Will Microsoft Make Money From Skype?

The market is higher again in early trading, after Europe breathes a sigh of relief with respect to Greece. Greece completed a successful debt offering, issuing 1.625 billion euros of 26-week bills that drew an average yield of 4.88%.

This helped push European markets higher this morning, which likely aided sentiment here when our markets opened. Asian markets were mixed overnight.

Also in the news is a deal by Microsoft (MSFT) to buy Skype for $8.5 billion in cash. Considering eBay couldn't make any real money with Skype, I highly doubt MSFT will do any better. I love using Skype on my iPad, but I don't think it will move the needle for MSFT. And with a price tag of $8.5 billion, it looks like they significantly overpaid for this asset.
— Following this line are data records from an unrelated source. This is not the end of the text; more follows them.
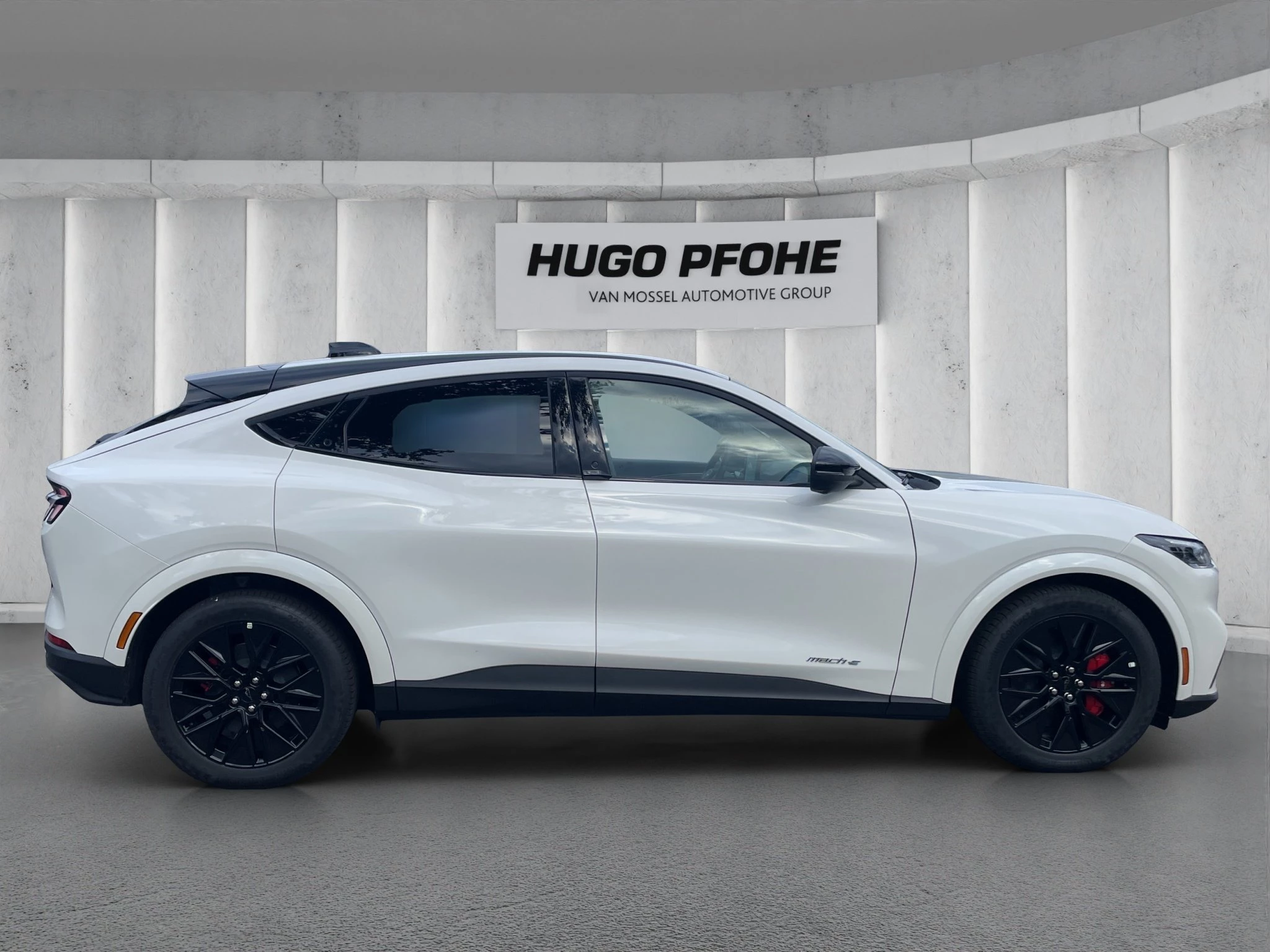 Ford Mustang Mach-E Premium Extended Range RWD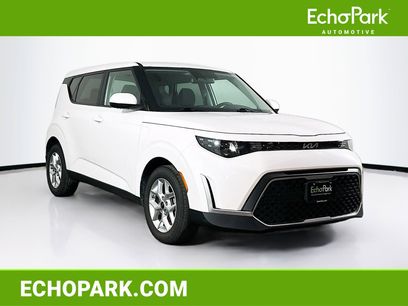 Used 2025 Kia Soul LX w/ LX Technology Package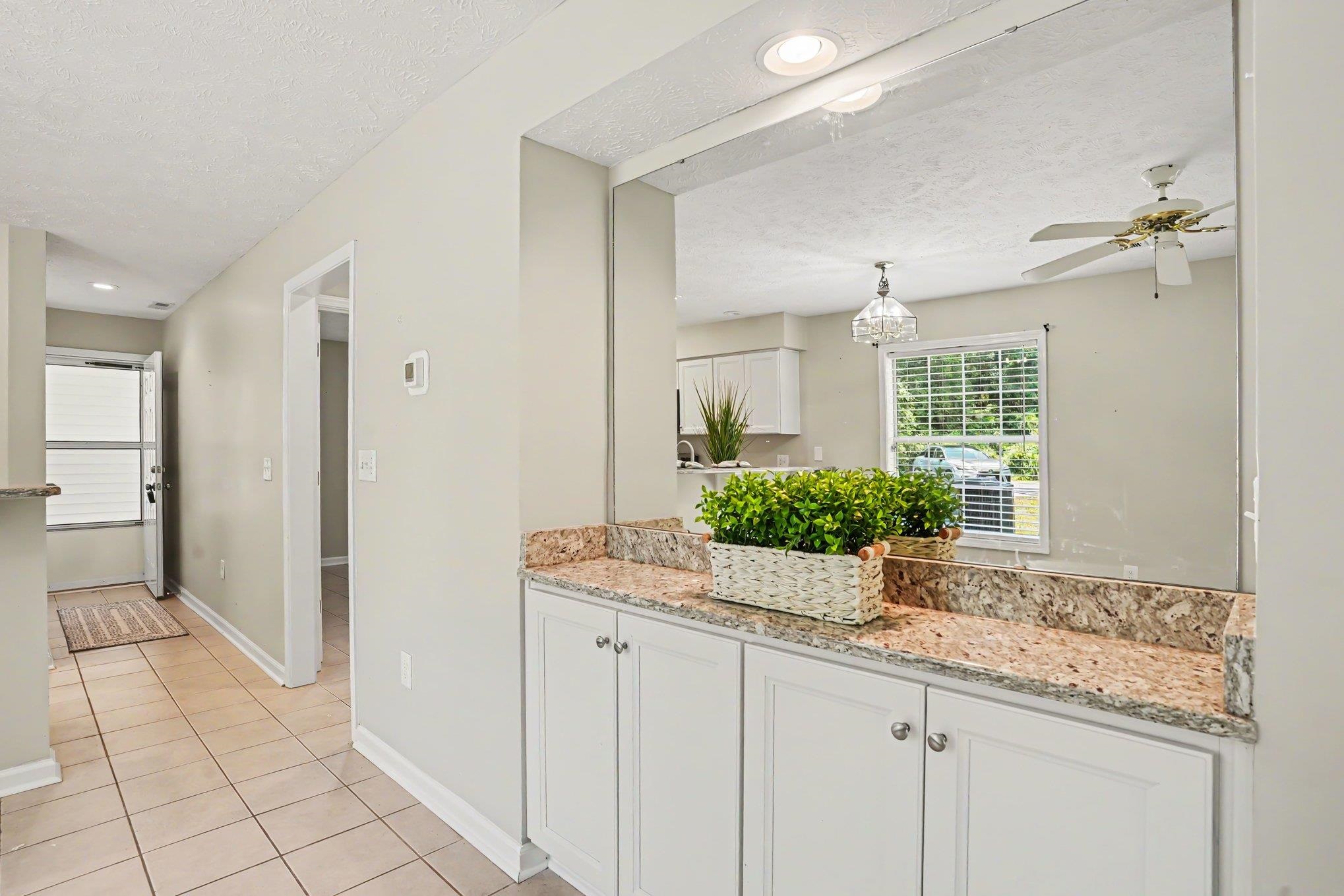 623 Tupelo Ln. Property Photo 10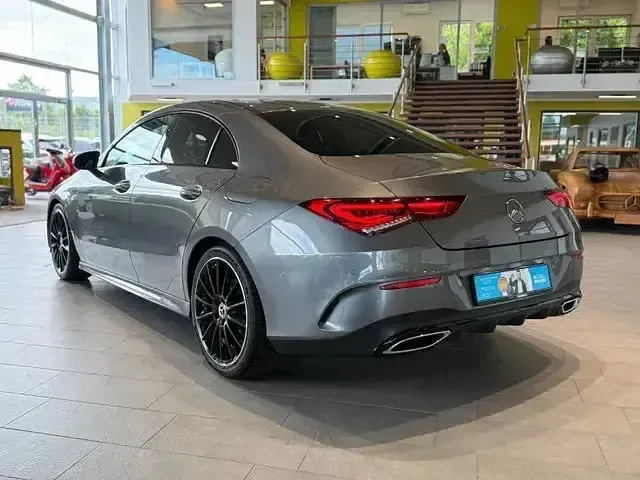 Gebraucht Mercedes CLA200 AMG line 150 PS (110 kW) 2023 Mountaingrau Limousine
Silver Lake Partners bought the company from eBay a few years back for closer to $3.5 billion.

Among the sectors, utilities and financials are leading the action, which is an odd pair. Healthcare is lagging the action so far.

The dollar is flat; gold prices are higher to $1515; and oil prices are up slightly to $103. The CME raised margin requirements in oil futures to help curb speculation. When they did this to silver, it killed the momentum in that commodity. I doubt it will have the same effect on oil, but it might help a bit at the margin (no pun intended).

The 10-year yield is fractionally higher at 3.16%, but has basically been on a one-month slide lower. The volatility index (VIX) is -5% lower today to 16.25.

Trading comment: Color me surprised by the strength in the market this morning. Of course, its still early, so it needs to hold. But overall things look good here. Stocks that sold off after earnings are bouncing back, and energy stocks that were hit last week are rebounding nicely as well. AAPL has been coiling in a consolidating fashion for nearly three weeks now, which makes me think an upside breakout could be in the works.